The performance of ChatGPT in day surgery and pre-anesthesia risk assessment: a case-control study of 150 simulated patient presentations

Perioper Med (Lond). 2024 Nov 21;13(1):111. doi: 10.1186/s13741-024-00469-6.

Abstract

Background: Day surgery has developed rapidly in China in recent years, although it still faces a shortage of anesthesiologists to handle pre-anesthesia routine before surgery. We hypothesized that ChatGPT may assist anesthesia practitioners in preoperative assessment and answer questions on the concerns of patients. The aims of this study were to examine the ability of ChatGPT to assess preoperative risk and determine its accuracy in answering questions regarding knowledge and management of day surgery anesthesia.

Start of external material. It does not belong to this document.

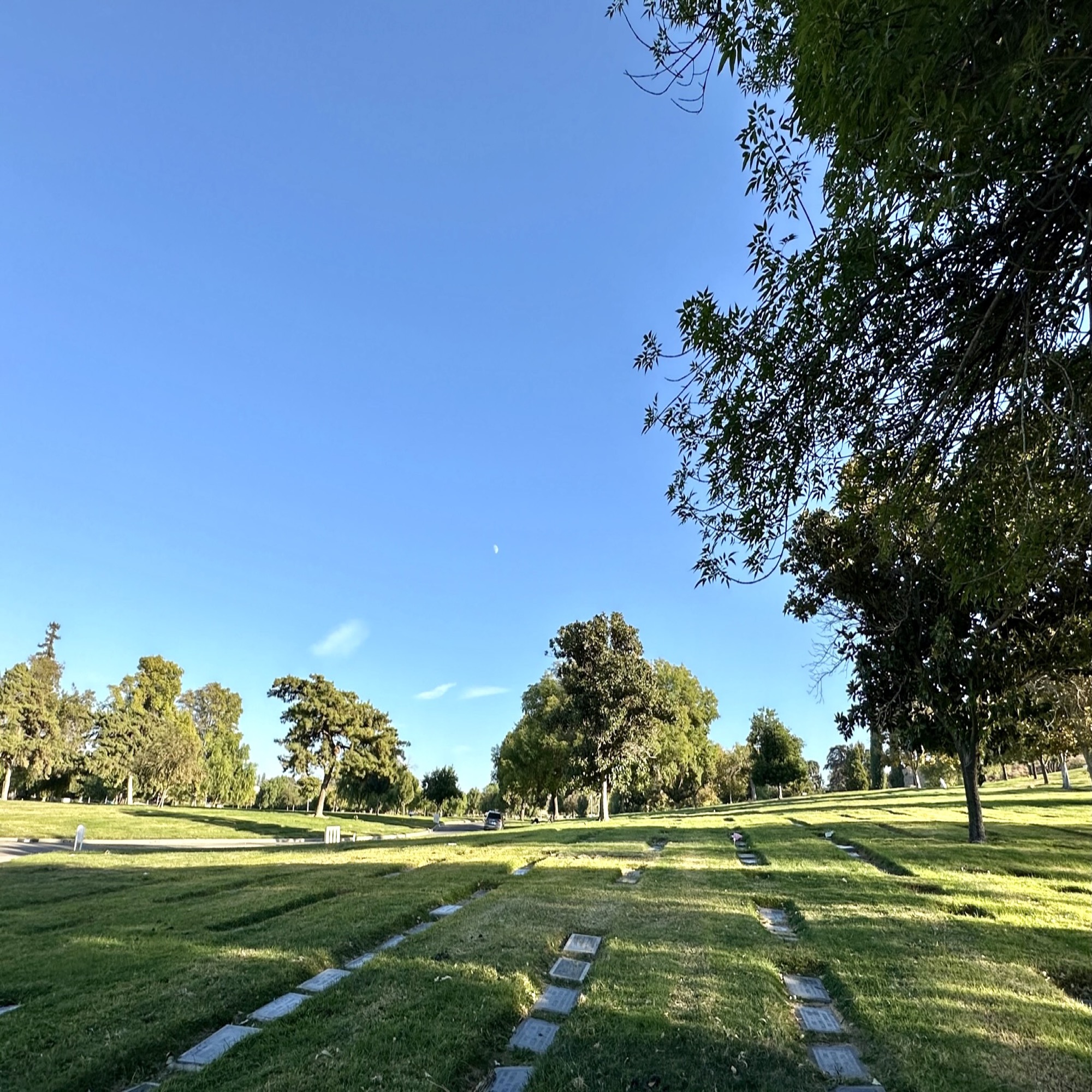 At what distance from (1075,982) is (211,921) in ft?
26.6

Methods: One-hundred fifty patient profiles were generated to simulate day surgery patient presentations that involved complications of varying acuity and severity. The ChatGPT group and the expert group were both required to evaluate the profiles of 150 simulated patients to determine their ASA-PS classification and whether day surgery was recommended. ChatGPT was then asked to answer 131 questions about day surgery anesthesia that represented the most common issues encountered in clinical practice. The performance of ChatGPT was assessed and graded independently by two experienced anesthesiologists.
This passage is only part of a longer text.